Female sex, advanced age, depletion of body iron stores, and western European ancestry were risk factors for RLS.38,39 To determine whether these factors interact with the at-risk variant, we analyzed them as covariates in conferring a risk of RLS. The risk of RLS and periodic limb movements in sleep conferred by allele A of rs3923809 in men was greater than that for women (odds ratio, 2.0 vs. 1.7), although the difference was not significant (P=0.28). A similarly insignificant trend was observed for the combined groups with periodic limb movements in sleep (odds ratio for men, 2.3; odds ratio for women, 1.7; P=0.09). The number of periodic limb movements in sleep was significantly higher after the age of 50 years than at a younger age (P<0.001 for both sexes), a finding that is consistent with a previous study.23 The difference was significantly less in women (P=0.04).

Figure 3. Figure 3. Serum Ferritin Levels in Subjects with RLS and Their Relatives.

Among 362 men (Panel A) and 603 women (Panel B), serum ferritin levels decreased by 13% per A allele at marker rs3923809 (95% CI, 5 to 20; P=0.002).

The principal clinical measures of iron availability are serum iron, transferrin iron-binding capacity, and ferritin.
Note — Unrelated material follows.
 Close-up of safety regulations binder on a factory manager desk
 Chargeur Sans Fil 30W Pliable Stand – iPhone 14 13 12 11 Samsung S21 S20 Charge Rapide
Serum soluble transferrin receptor, ferritin, total iron-binding capacity, and iron were assayed in 965 Icelandic subjects (subjects with RLS and their relatives). The ferritin index, a measure inversely related to body iron stores, was increased by 5.5% per A allele of marker rs3923809 (95% confidence interval [CI], 1 to 10; P=0.02). In line with this observation, serum ferritin levels were decreased by 13% per A allele (95% CI, 5 to 20; P=0.002) (Figure 3).